With the continuous scaling of feature sizes in the semiconductor device technology, conventional lithography faces extreme challenges since the pace of the development of new lithographic tools lags behind the pace of reduction in the minimum feature size. While manipulation of images such as use of sublithographic assist features (SLAFs) and optical proximity effect correction has provided some relief to assist printing of images on a photoresist with improved fidelity and at a reduced critical dimension (CD), i.e., the minimum printable feature size, line width variations within a chip and across a substrate plague attempts to reliably and repeatably print lithographic images having a dimension close to the minimum printable feature size. Such challenge is inherent in the lithography currently employed in the semiconductor industry since any lithography tool has an inherent non-uniformity in image production due to mechanical factors such as lens aberration and chemical factors in the uniformity of the photoresist coating.
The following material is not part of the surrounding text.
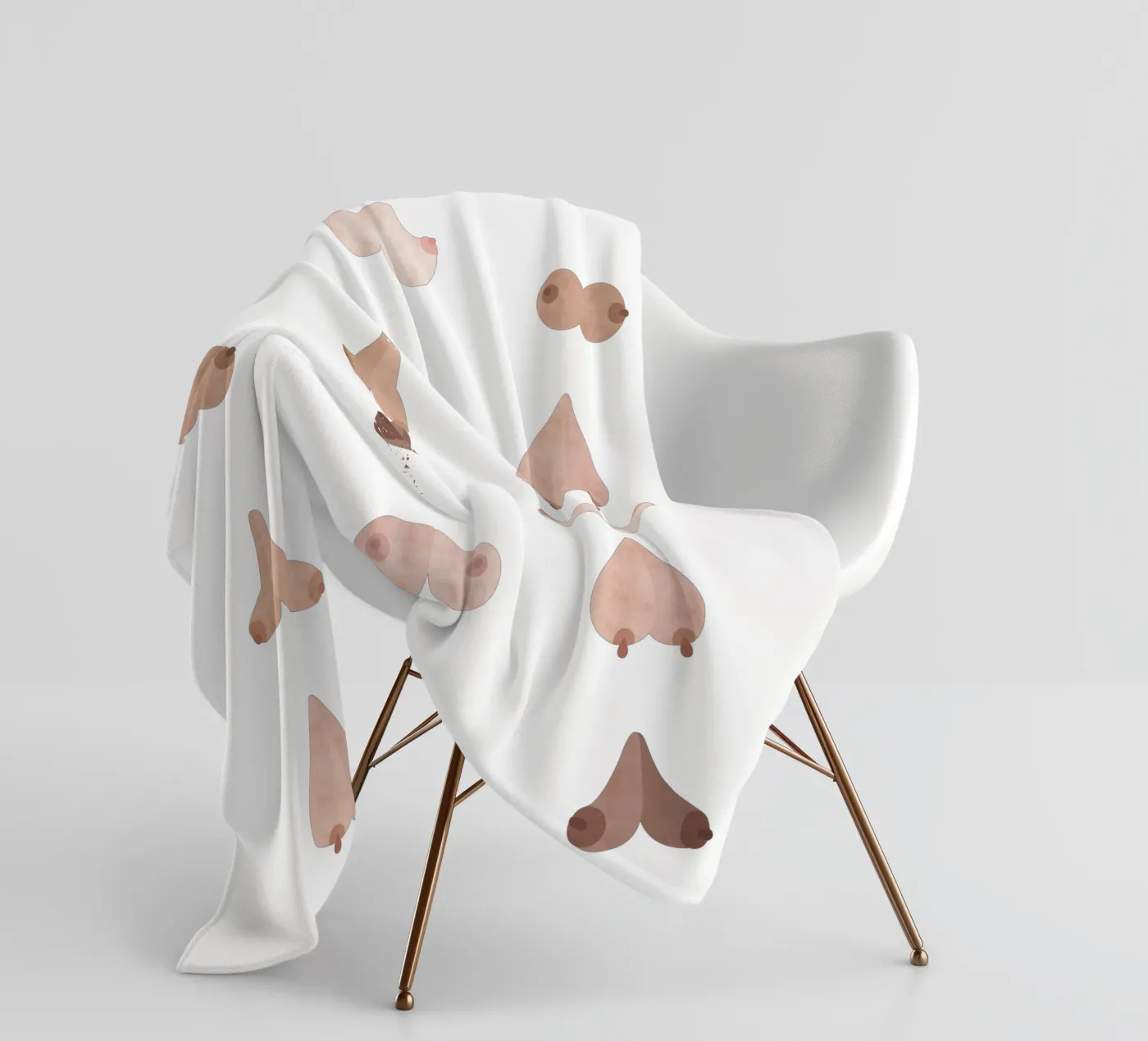 boobs Fleecedecke von Mie Frey Damgaard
Further, significant delays have occurred in the development of lithographic tools that were planned to provide adequate lithographic capabilities beyond 45 nm node of the semiconductor technology. Such lithographic tools employ extreme ultraviolet (EUV) lithography or electron beam (e-beam) lithography, neither of which has provided a commercially viable and reliable lithography system. However, for the scaling of features sizes to continue in
the semiconductor industry, reliable methods of producing feature sizes less than 45 nm, and preferably less than 30 nm is required.
In view of the above, there exists a need for a novel method for reliably providing feature sizes that are smaller than those that are currently available.
Further, as the dimension of feature sizes shrink in semiconductor devices, small variations in the feature size induce substantial variations in device performance. Thus, there exists a need for lithographic methods for printing constant line width features independent of dimensional variations in an image of a developed photoresist.